> [Prompt]: Skip all pictures. Write out the data below from its first line through the line that contains "For more information".

> [Data]:
>>>
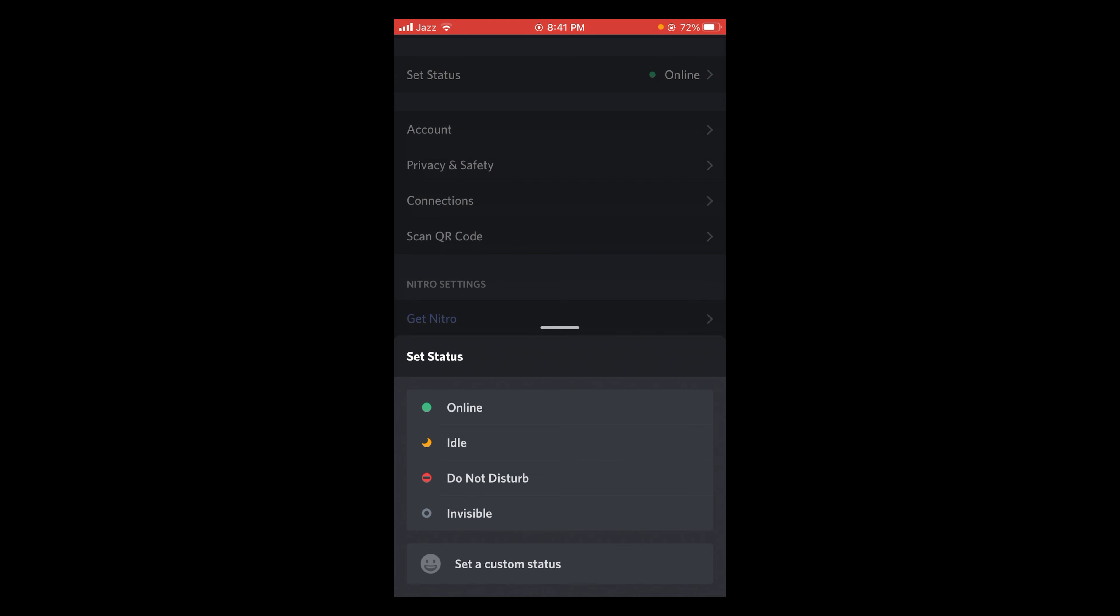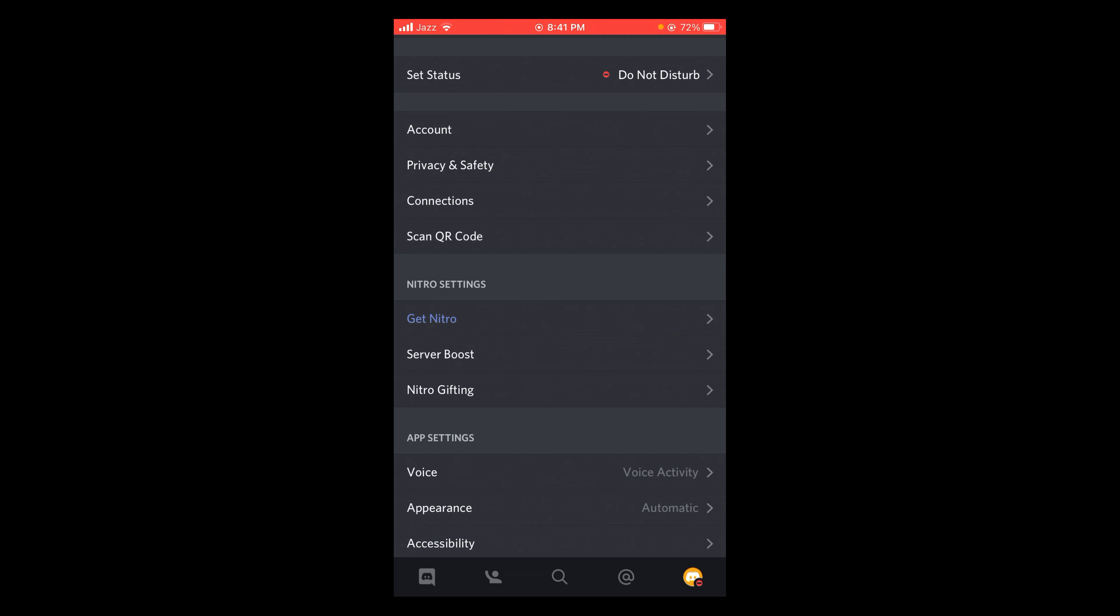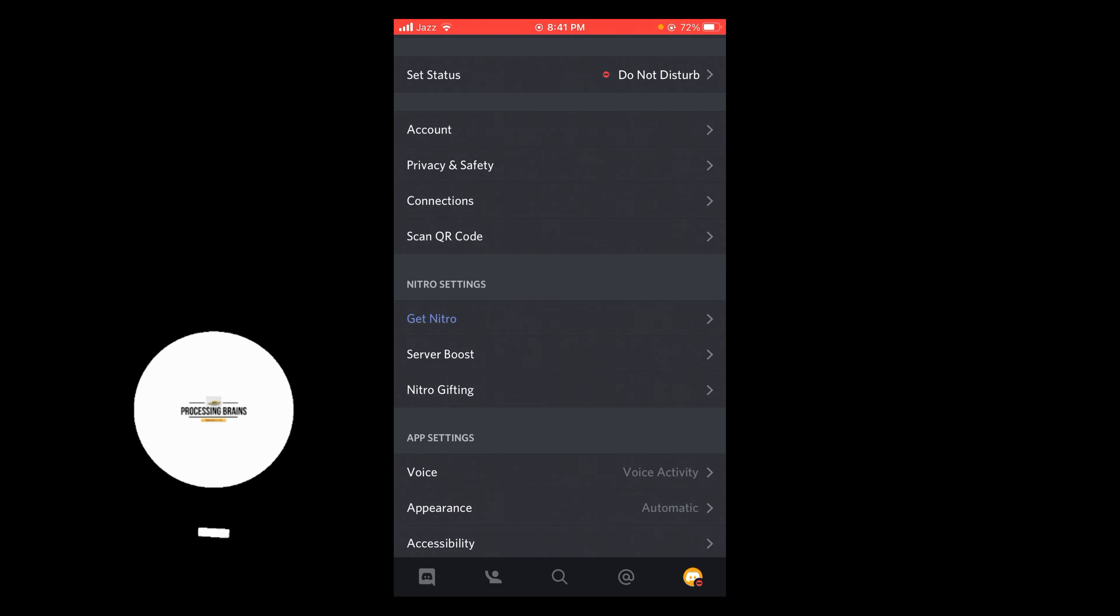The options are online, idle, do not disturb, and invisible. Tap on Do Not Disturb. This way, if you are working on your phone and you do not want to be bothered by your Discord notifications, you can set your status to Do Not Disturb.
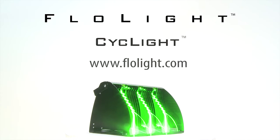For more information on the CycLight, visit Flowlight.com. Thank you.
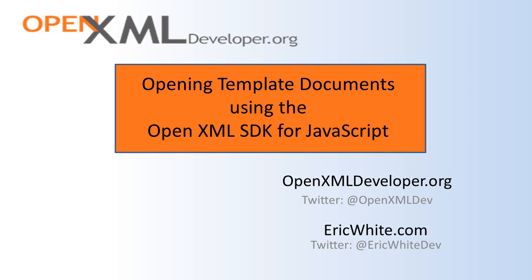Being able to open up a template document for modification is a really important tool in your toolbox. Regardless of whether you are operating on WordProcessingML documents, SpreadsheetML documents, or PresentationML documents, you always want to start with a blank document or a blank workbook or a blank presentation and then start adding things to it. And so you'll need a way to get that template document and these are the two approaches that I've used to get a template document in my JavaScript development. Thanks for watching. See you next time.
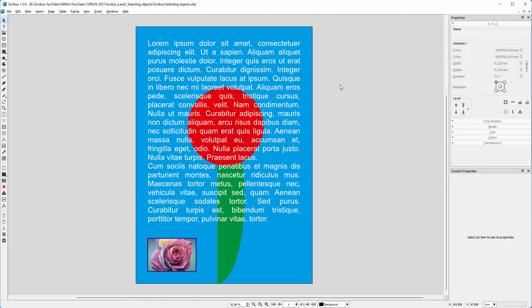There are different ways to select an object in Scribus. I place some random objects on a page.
<<<
> [Problem solution]:
The options are online, idle, do not disturb, and invisible. Tap on Do Not Disturb. This way, if you are working on your phone and you do not want to be bothered by your Discord notifications, you can set your status to Do Not Disturb.
For more information on the CycLight, visit Flowlight.com. Thank you.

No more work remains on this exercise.